Parties, Charge and Trial Disposition
- Plaintiff and appellee: The United States.
- Defendant and appellant: Cecilio Tanedo.
- Formal accusation in the information: murder of Feliciano Sanchez on or about January 26, 1909, including allegations of premeditation and concealment (invitation to hunt, shooting in the breast with a shotgun destroying the heart, and burying the body in a well).
- Trial court (Court of First Instance, Province of Tarlac) verdict: defendant found guilty of homicide (not murder) and sentenced to reclusion temporal for fourteen years, eight months, and one day, with accessories, indemnification, and costs.
- Appellant appealed the conviction to the Supreme Court.
Undisputed and Material Facts
- The significant facts are essentially undisputed; important factual circumstances are agreed by parties and witnesses.
- Date and setting: Morning of January 26, 1909; defendant, a landowner, and several laborers were working on a malecon or dam on his land.
- Persons present with defendant that morning: Bernardino Tagampa, Casimiro Pascual, Valeriano Paulillo, and Juan Arellano.
- Defendant took a shotgun and a few shells with the stated intention to hunt wild chickens after setting laborers to work.
- The defendant remained with laborers for about an hour, then crossed a stream carrying his shotgun to inspect an alteration to the malecon and the flow of water.
- On crossing the stream he encountered the deceased, Feliciano Sanchez, who lived temporarily in a shack near the malecon with his mother and uncle during rice harvesting.
- The deceased was about twenty years of age and was working under a manga tree a short distance from the shack when the encounter occurred.
- Only one gunshot was heard that morning; a wild chicken was killed by a gunshot at the scene.
- Considerable quantities of chicken feathers were found at the spot where the chicken was shot and where the incident occurred.

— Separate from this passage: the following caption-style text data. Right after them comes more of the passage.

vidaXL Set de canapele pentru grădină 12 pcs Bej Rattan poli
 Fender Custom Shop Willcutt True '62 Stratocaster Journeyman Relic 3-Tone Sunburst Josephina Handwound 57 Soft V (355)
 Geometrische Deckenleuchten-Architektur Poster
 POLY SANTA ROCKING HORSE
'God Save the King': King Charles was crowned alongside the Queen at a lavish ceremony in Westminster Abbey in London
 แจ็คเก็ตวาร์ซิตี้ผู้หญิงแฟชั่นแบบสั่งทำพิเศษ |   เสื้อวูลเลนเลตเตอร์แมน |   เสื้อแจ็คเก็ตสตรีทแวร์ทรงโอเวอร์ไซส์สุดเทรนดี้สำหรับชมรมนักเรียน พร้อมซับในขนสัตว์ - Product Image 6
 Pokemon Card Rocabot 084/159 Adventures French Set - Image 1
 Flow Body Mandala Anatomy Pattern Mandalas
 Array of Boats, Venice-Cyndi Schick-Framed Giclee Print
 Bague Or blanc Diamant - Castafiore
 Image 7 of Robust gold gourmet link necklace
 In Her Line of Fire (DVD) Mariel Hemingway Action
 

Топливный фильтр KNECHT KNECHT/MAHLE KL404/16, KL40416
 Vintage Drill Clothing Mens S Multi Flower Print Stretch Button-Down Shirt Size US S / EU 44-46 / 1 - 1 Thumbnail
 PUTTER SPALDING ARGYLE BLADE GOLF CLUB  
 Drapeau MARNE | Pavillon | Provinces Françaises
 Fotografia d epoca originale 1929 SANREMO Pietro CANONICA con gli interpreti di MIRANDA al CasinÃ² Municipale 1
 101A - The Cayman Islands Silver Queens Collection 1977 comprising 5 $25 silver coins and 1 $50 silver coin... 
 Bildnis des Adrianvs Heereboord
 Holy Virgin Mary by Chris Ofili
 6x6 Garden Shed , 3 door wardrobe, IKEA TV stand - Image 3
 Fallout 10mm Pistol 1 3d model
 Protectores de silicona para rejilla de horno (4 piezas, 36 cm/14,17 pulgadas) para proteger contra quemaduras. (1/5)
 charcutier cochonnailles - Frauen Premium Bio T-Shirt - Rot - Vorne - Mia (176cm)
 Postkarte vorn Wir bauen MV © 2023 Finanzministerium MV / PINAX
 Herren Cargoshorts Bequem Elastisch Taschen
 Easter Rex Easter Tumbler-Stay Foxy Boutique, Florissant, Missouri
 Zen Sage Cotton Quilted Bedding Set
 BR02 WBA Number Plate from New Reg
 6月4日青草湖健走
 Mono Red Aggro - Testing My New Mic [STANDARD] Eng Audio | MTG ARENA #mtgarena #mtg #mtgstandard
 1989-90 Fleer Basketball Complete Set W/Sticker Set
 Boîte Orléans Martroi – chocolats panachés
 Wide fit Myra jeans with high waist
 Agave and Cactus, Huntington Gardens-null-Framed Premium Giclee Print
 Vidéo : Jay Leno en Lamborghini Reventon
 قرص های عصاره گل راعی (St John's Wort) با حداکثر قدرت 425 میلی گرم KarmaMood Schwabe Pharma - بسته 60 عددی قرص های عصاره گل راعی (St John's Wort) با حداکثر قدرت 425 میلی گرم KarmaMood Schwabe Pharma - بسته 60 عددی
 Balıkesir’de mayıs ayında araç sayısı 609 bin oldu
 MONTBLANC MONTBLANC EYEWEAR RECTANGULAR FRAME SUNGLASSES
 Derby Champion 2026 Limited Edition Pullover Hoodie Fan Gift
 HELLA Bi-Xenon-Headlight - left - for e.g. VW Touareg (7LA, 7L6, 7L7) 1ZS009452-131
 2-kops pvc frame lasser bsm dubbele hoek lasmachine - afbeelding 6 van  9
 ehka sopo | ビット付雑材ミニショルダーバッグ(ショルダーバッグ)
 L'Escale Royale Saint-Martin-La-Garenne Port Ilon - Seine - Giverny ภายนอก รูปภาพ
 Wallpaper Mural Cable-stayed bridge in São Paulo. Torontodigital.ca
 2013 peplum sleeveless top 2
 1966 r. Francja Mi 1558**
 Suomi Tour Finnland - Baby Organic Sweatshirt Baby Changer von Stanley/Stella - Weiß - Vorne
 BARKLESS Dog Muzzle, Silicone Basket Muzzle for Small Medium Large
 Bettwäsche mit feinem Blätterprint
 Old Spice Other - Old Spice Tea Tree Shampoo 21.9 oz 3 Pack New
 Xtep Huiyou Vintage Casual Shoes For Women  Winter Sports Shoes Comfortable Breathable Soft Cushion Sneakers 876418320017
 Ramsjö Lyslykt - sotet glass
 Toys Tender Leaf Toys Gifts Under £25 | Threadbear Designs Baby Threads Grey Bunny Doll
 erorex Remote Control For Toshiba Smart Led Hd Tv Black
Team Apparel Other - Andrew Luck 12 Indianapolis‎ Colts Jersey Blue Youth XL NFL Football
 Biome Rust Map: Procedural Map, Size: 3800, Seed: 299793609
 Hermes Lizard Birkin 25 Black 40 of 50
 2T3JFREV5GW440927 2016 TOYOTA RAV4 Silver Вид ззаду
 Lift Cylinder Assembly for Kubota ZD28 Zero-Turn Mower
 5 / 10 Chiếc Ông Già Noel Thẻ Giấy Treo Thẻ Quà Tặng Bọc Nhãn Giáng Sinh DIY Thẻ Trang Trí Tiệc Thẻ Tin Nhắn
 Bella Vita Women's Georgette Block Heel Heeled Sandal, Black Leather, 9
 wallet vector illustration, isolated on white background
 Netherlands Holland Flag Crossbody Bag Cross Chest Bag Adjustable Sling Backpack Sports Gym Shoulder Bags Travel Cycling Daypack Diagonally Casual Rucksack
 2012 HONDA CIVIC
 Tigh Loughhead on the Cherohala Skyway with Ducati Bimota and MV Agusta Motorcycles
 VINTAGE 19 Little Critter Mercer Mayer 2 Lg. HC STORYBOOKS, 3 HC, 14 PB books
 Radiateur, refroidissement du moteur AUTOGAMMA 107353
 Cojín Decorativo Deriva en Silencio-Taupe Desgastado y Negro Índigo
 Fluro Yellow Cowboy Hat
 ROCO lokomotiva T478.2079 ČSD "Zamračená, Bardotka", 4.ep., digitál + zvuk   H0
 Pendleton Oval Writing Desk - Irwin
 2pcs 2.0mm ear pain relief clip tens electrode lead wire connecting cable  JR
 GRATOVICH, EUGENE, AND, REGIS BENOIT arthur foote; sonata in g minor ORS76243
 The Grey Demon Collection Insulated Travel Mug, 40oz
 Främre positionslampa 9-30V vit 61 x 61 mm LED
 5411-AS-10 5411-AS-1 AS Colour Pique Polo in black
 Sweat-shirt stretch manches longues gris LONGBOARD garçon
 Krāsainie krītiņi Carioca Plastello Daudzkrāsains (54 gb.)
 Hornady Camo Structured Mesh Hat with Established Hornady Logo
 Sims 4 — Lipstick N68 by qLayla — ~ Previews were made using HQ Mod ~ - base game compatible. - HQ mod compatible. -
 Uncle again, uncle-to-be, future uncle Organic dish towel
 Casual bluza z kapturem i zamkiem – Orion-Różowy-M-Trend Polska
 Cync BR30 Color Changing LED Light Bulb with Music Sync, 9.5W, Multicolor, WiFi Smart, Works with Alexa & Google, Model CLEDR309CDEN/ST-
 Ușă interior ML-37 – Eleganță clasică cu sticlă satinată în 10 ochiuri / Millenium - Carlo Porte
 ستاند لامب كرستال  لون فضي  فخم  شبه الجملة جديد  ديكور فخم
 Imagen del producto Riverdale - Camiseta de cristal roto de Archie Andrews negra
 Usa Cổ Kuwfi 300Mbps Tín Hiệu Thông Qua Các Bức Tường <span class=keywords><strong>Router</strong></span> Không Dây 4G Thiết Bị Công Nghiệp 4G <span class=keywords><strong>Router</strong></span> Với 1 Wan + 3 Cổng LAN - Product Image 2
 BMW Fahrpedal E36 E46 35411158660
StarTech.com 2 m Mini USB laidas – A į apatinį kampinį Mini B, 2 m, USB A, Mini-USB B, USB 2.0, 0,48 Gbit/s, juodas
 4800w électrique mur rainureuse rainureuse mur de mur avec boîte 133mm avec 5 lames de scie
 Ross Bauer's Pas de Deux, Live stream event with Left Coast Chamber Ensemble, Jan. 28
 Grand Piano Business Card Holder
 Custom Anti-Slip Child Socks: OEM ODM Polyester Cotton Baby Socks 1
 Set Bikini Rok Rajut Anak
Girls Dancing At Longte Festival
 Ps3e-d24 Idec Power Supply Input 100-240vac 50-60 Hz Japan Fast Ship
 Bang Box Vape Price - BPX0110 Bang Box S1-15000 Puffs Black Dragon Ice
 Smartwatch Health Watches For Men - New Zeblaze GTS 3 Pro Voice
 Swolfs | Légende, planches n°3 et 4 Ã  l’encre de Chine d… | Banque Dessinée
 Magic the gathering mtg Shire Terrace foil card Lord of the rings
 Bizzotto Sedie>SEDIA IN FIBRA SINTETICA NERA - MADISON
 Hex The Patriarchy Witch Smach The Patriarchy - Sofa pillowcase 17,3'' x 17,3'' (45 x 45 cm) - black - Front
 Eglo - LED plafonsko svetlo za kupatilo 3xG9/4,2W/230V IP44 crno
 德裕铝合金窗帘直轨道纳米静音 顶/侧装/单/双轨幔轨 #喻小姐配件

- The body of the deceased was concealed in cogon grass shortly after the shooting and later removed and buried in an old well about seventeen or eighteen hundred meters from the original location; straw and earth covered the body and straw was burned on top of the well to conceal the burial.
- The defendant initially denied knowledge of the death or the whereabouts of the body prior to trial; at trial he admitted participation and related the events substantially as recited in his testimony.
Contradictions and Disputed Points
- Disagreement over whether the defendant and the deceased mutually invited one another to hunt:
- Uncle of the deceased testified the two invited each other and the accused accepted the invitation.
- Defendant testified he did not invite the deceased and that the deceased remained under the manga tree “tying something.”
- What occurred in the forest is known only to the defendant; the precise sequence and causal mechanics of the wound to the deceased are not established by independent witnesses.
- Tagampa’s accounts:
- Tagampa and defendant went together and were absent for a time after the defendant left the woods to go to the malecon.
- Tagampa said he accompanied the defendant later in disposing of the body, and that he assisted because he was afraid of the defendant; Tagampa also admitted the accused did not threaten or coerce him.
Defendant’s Testimony (Substance and Sequence)
- Defendant’s account of events in the forest:
- After the deceased pointed out a place where wild chickens were found, defendant attempted to hunt for food.
- Defendant shot a wild chicken; upon hearing a human cry, he approached and observed that he had wounded a man.